Father Richard P. McBrien is a professor of theology at the University of Notre Dame. He writes a weekly column and in the one I just read he discusses the history of the naming of bishops. He notes that throughout most of the history of the Catholic Church bishops were elected. They were elected from the local diocese clergy and voted on by both the clergy as well as the laity. The Pope had no direct role at all in this process during most of the Church history. He was simply informed of the results of the election.

Fr. McBrien points out that it wasn't until the 19th Century that popes first began to claim they had an exclusive right to name bishops throughout the Catholic world contrary to centuries of tradition and practice. McBrien also says that throughout Church history a bishop of one diocese could not be elected to be bishop of another diocese even though the Pope now moves bishops around in just that fashion. McBrien says that this practice is in violation of the First council of Nicaea of 325 which decreed that …neither bishops…or decaons shall transfer from city to city…" and went on to decree that such a transfer was null and void. One hundred and twenty six years later the Council of Chalcedon reaffirmed this decree. This decree was consistently observed until the present practice of Popes and has never been revoked McBrien says. So what we have now is a process where the bishops are appointed by the bishop of Rome for people and places he has never even visited. Bishops are now  moved around like corporations transfer management from one place to another. Totally left out in the process are the local clergy and laity who have no role at all, contrary to centuries of tradition

A recent survey of 35,000 American adults by the Pew Forum on Religion and Public Life revealed some interesting statistics. Americans are strongly religious. Some ninety two percent believe in God. But, most Americans don’t feel their particular religion is the only way to obtain salvation even if their religion teaches otherwise.

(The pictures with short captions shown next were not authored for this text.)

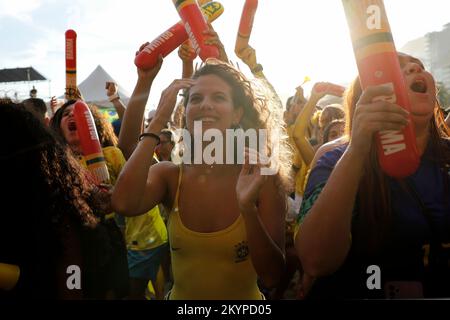 Fans brasilianischer Frauen jubeln auf einer Straßenparty, um die Fußballnationalmannschaft zu unterstützen, die die FIFA-Weltmeisterschaft auf der Arena des Fanfestivals spielt Stockfoto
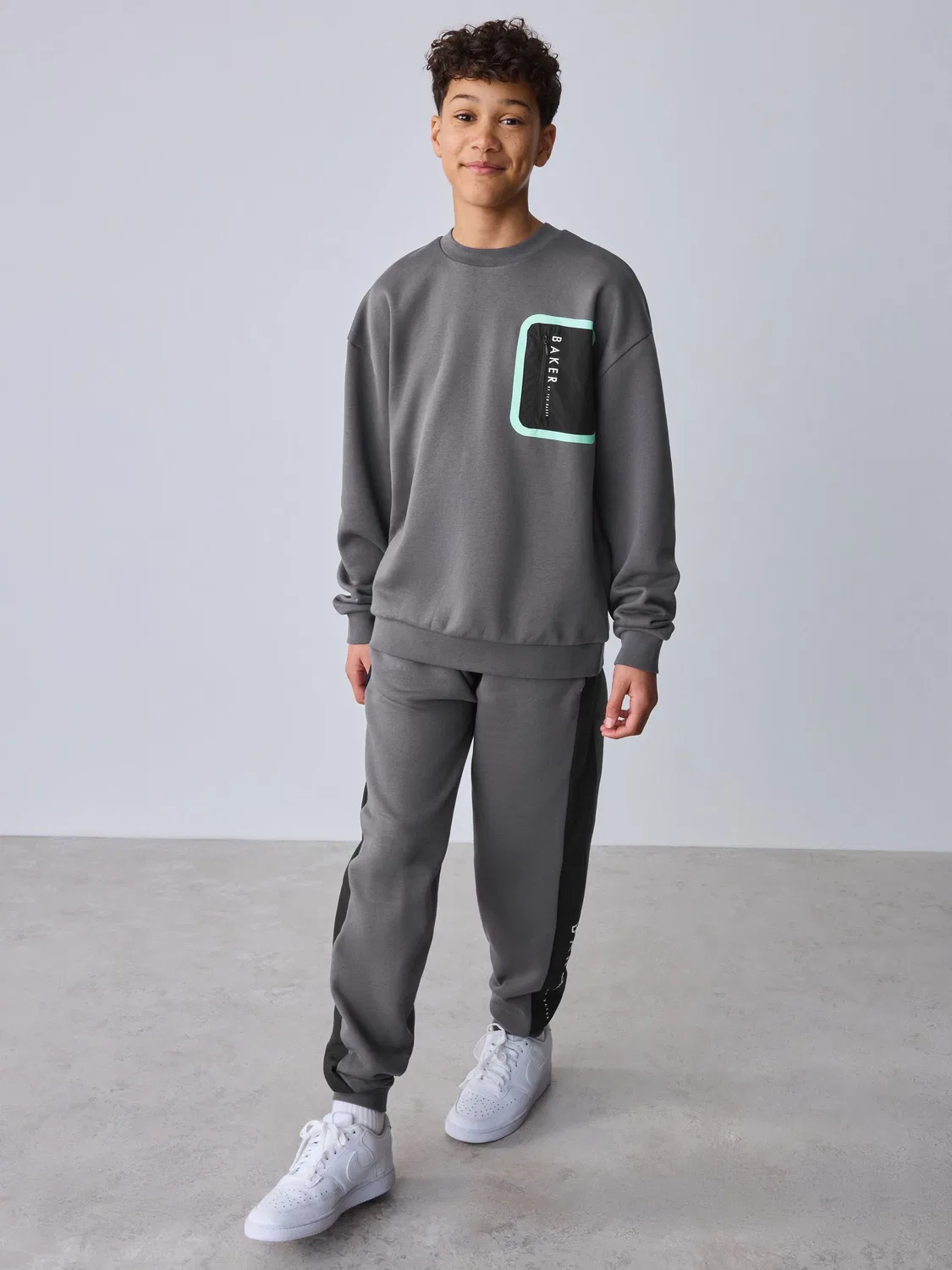 Спортивный костюм Oversized Pocket Baker by Ted Baker, серый — фото 2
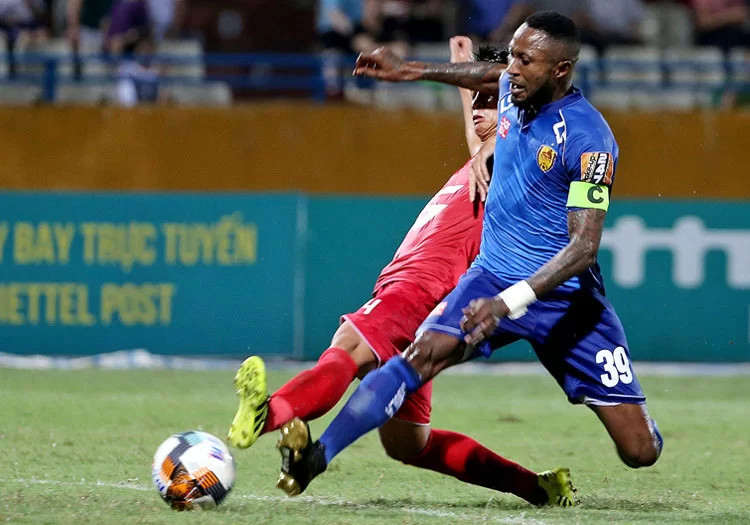 Samson không phụ sự trông đợi của bầu Hiển, giúp Quảng Nam bứt tốc ở lượt về V-League 2019.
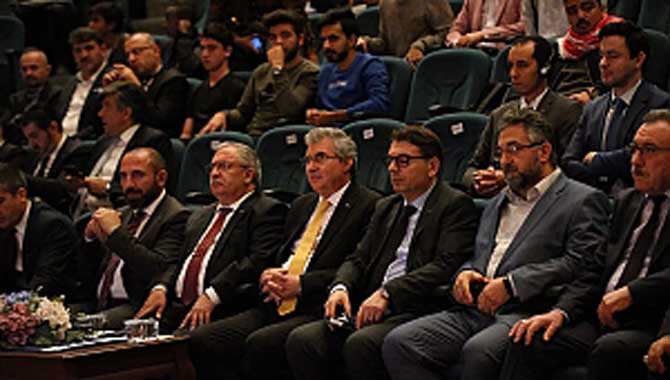 Gelecek gençlerin elinde yükselecek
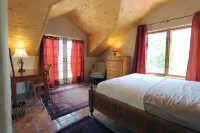 Blue Bird Farm - Spacious Stylish 5 bed/3 bath Taos Farmhouse with AC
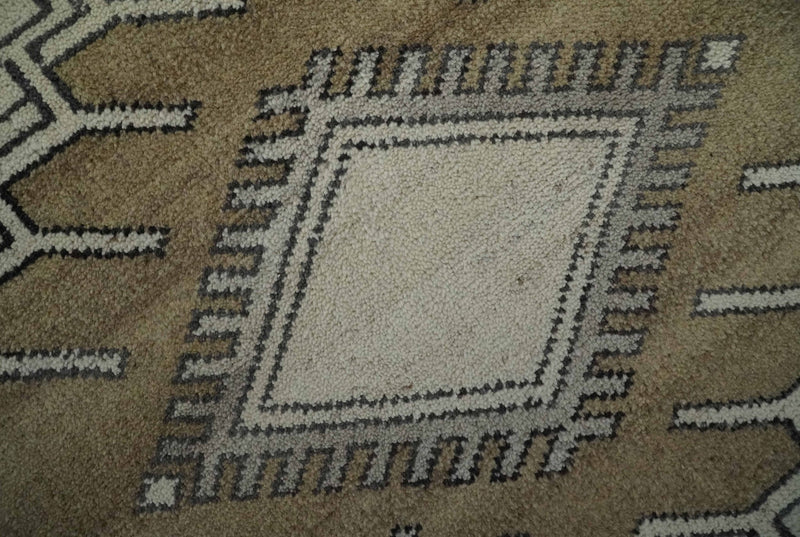 Natural Wool Hand Knotted Ivory, Beige and Black Traditional Heriz Serapi Wool Area Rug, Kids, Living Room and Bedroom Rug | MEHK21 - The Rug Decor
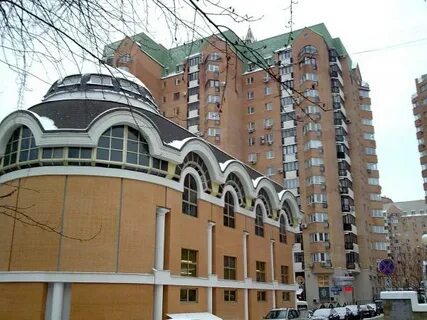 Зоологическая 1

Seventy percent of Americans with religious affiliation share the view that there is more than one Bishops.2 true way to interpret the teachings of their religion. According to the survey, Catholics, more than most groups, break with the church on it’s teachings including those about abortion, homosexuality and contraception.

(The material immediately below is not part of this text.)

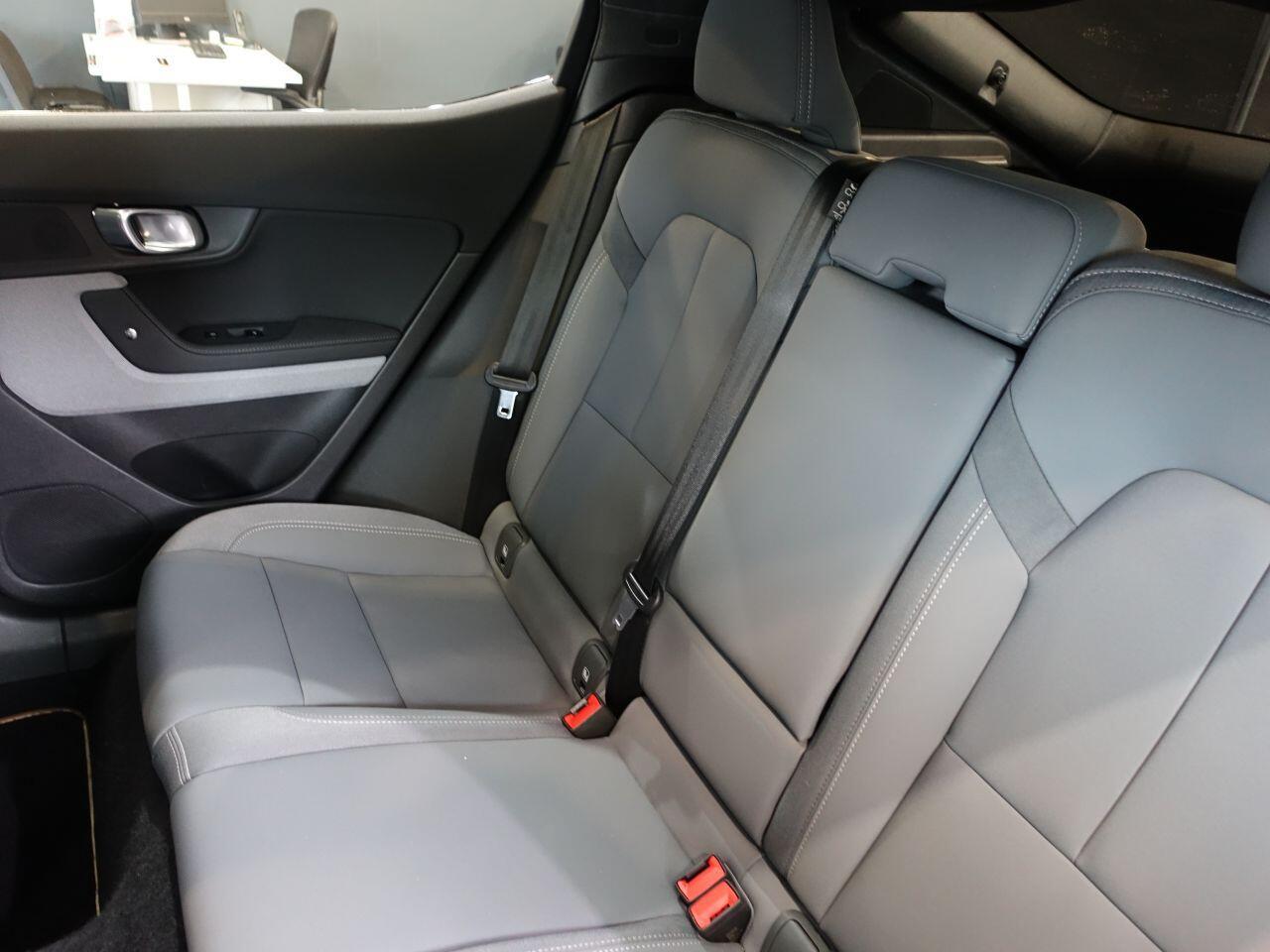 Polestar Polestar 2 - Image 17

It was not until 1968 that Pope Paul 6th issued Humanae Vitae declaring artificial birth control means sinful and even then it primarily rested upon a claim of papal authority. However, before issuing the decree he had created the Pontifical Commission on birth control, but he also had imposed on it total secrecy. According to Church historian Gary Willis in his book Papal Sins, it turns out the vote of the theologians who presented their findings to the bishops on the commission was fifteen to four against the idea that contraception as intrinsically evil. The vote of the larger group was thirty to five against the idea. But, the pope then issued his encyclical and declared the entire proceedings secret. Catholics responded with an unparalleled refusal to accept the teaching, especially in America. Theologians disagreed with as well, at least until theological debate was prohibited. This particular papal position has spawned nothing but controversy as well as pain. For young married couples, it has represented an enormous hardship. In schools, the Church’s position is that teaching birth control is sinful, even as a means of preventing teenage pregnancies. In Africa, the Church’s position is that the use of condoms is sinful even as a means of preventing AIDS. In general, the Church has spent more time, effort and wasted preaching on matters relating to sex than it has on disease, poverty and war. I wonder if it is because it is a church of celibate men who prohibit married or women priests?